=== Section Start ===
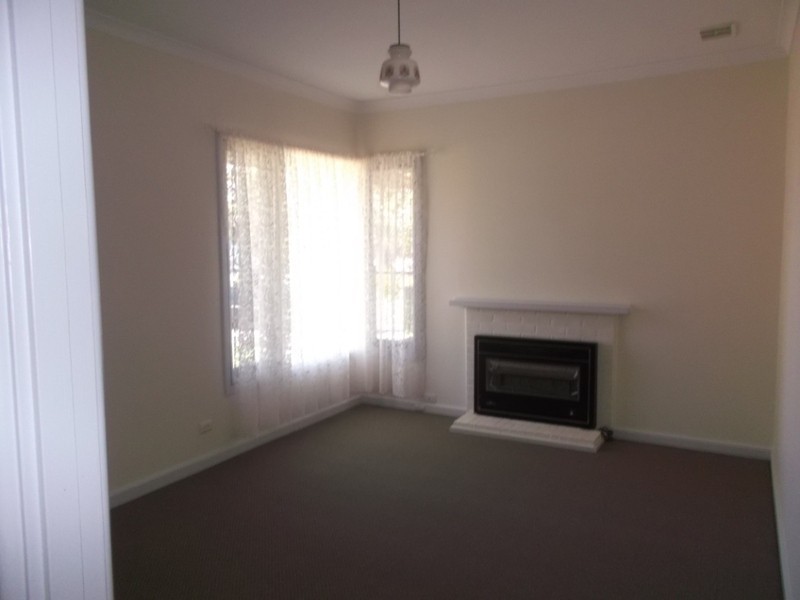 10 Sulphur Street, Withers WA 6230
=== Section End ===
=== Section Start ===
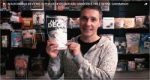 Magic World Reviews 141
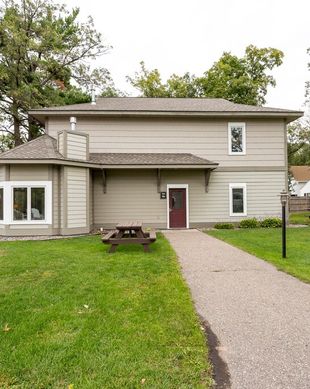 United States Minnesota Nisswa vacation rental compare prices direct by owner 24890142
=== Section End ===
=== Section Start ===
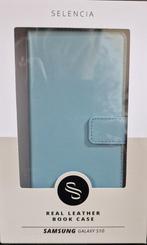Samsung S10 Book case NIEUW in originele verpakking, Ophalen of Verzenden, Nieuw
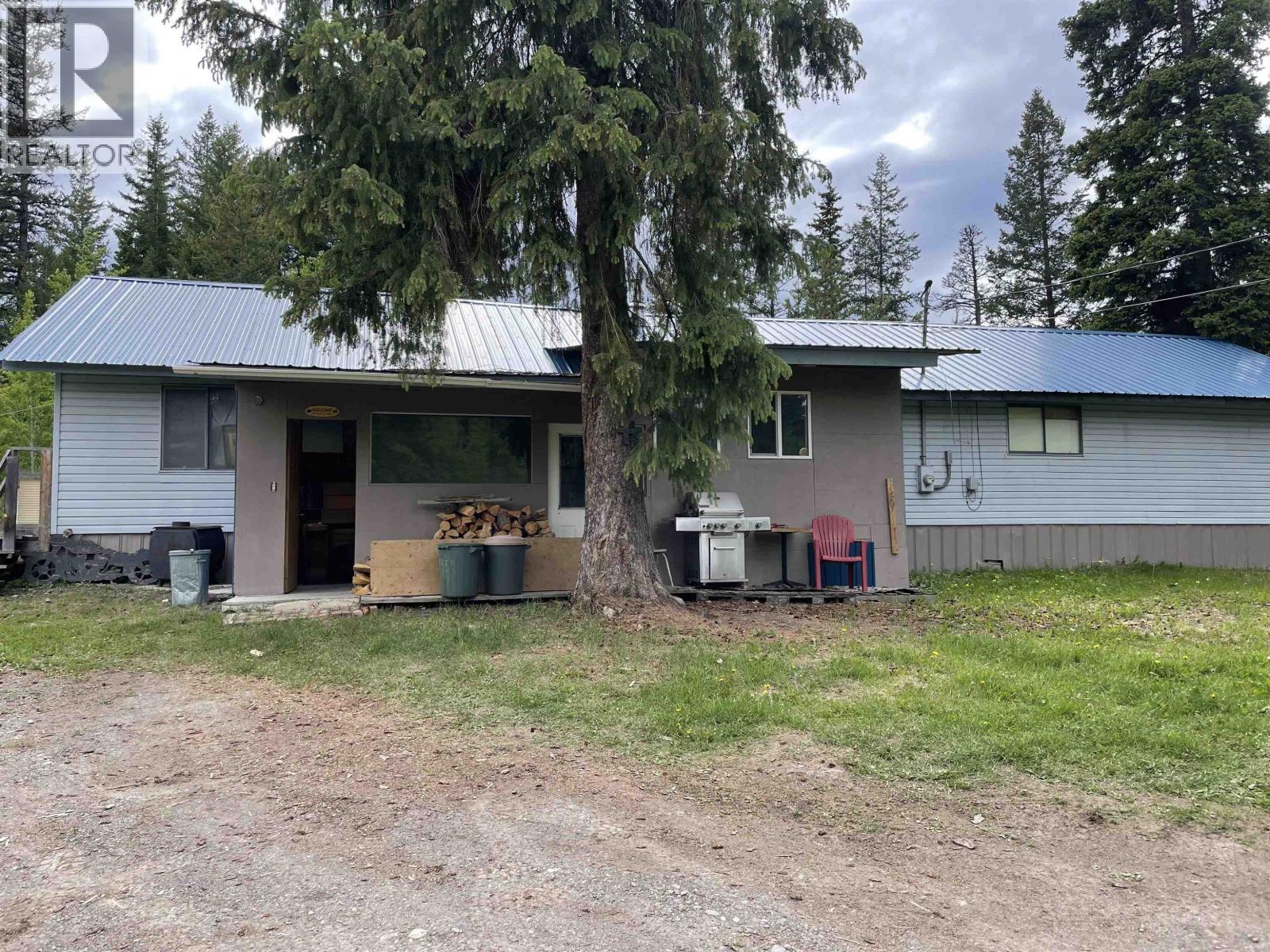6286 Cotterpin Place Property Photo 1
=== Section End ===
§ **PROBLEM DETAILS**
Copy needed, without pictures: the lines of the listing above from the line containing "Samsung S10 Book" up to and including the line containing "6286 Cotterpin Place Property Photo 1", set down exactly.

§ **WRITTEN ANSWER**
Samsung S10 Book case NIEUW in originele verpakking, Ophalen of Verzenden, Nieuw
6286 Cotterpin Place Property Photo 1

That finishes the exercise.